International Olympic Committee President Thomas Bach and Crown Prince Fumihito entered the stadium while a theme from the film Tokyo Story played. (JST 20:01)

The Japanese flag entered into the stadium carried by six people to the music of "Tokyo Story" by Takashi Yoshima: among these were 4 Olympic champions, the winner of the 60 kg event in judo, Naohisa Takato, the first Youth Olympic champion in breaking, Ramu Kawai, the swimmer Yui Ohashi, who won two gold medals on this Games: the first in women's 400 metres individual medley and another on the 200 metre medley and the artistic gymnast Takeru Kitazono winner of five gold medals on the 2018 Youth Olympic Games and a silver medal on team event on this senior games. The two non-athletes were the doctor Hiroyuki Yokota who worked as medical during the games and the fashion model Yano Amane who uses a leg prosthetic. Amane will who also be present on the opening ceremonies of the Tokyo 2020 Paralympic Games. while the stadium ground was framed like the Yoyogi park with grass all around. The flag was handed to members of the Japanese defence forces, who were present in all the awards ceremonies of the Games. The National Anthem of Japan was performed by the performance group Takarazuka Revue in women's hakama style.

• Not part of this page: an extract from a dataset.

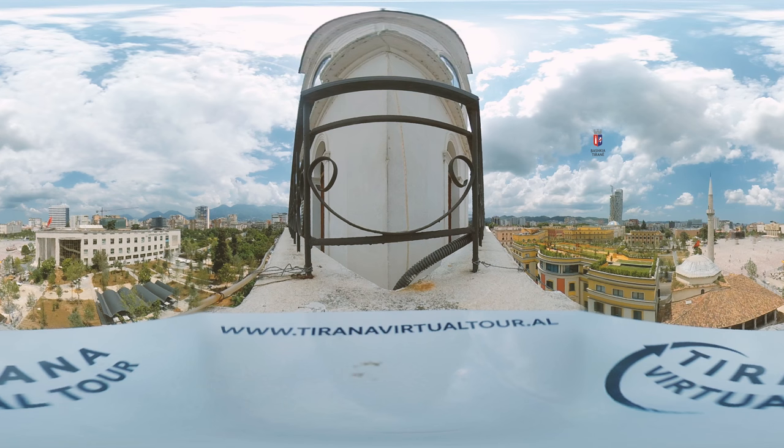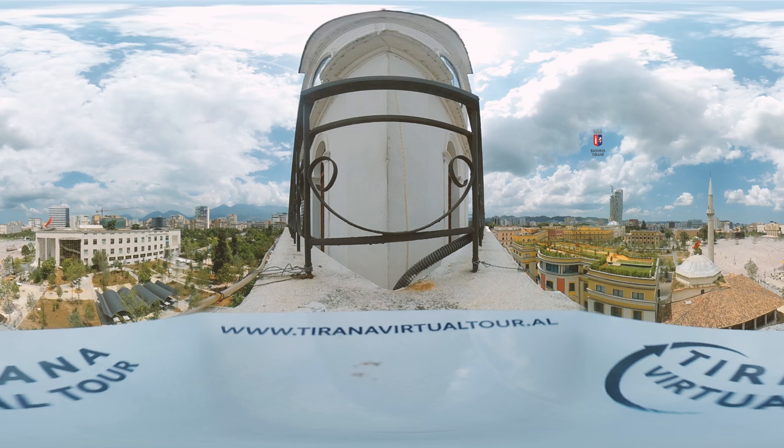Architecturally, the clock tower embodies the history of Albania, where the lower half is made of stones and belongs to the Ottoman style, while the dome and its balcony belong to the western style. Although since 1970 it is no longer the tallest building in Tirana, the clock tower continues to offer a breathtaking view to every visitor that climbs its 90 stairs.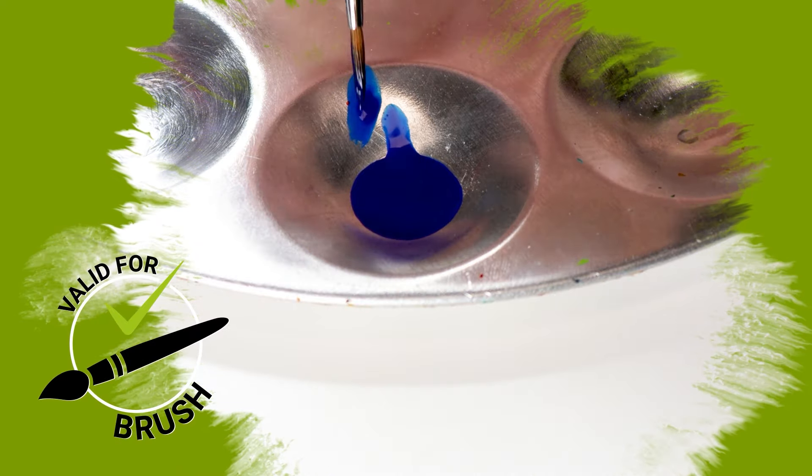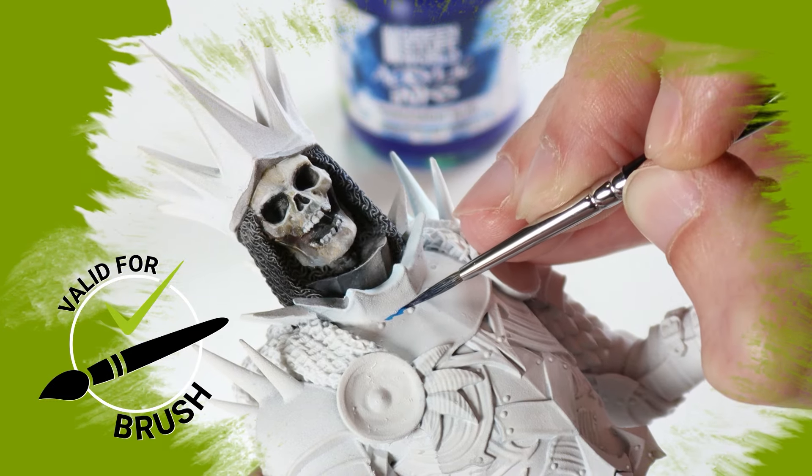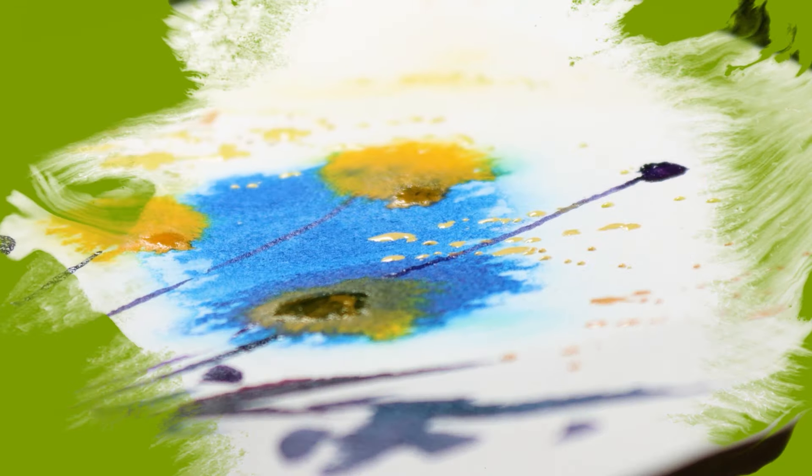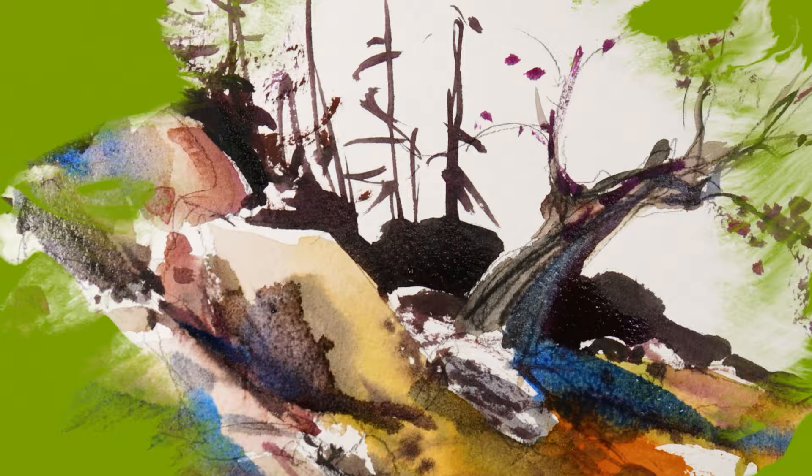These inks offer high vibrancy and depth, courtesy of meticulously selected artist pigments with impeccable dispersion, vivid coloration, and remarkable resilience. Green Stuff World acrylic inks — designed to elevate your artistic vision to new heights.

===After the Games (Parade of Athletes)===
The flag bearers then arrived in a two by two configuration, until they reach the middle of the stadium. They then surround the middle circle of the stadium floor. After the flags arrived at the stadium a highlights video of the events from all sports was shown.

The entrance of the flags featured the original 1964 Olympic Parade of Athletes music entitled "Olympic March", followed by a more modern-day remix by Fantastic Plastic Machine, KEIZOmachine!, Takeshi Nakatsuka and REMO-CON that played during the athletes' entrance, which combined modern day dance music with the original 1964 Olympic March, and it also featured elements of traditional music from around the world.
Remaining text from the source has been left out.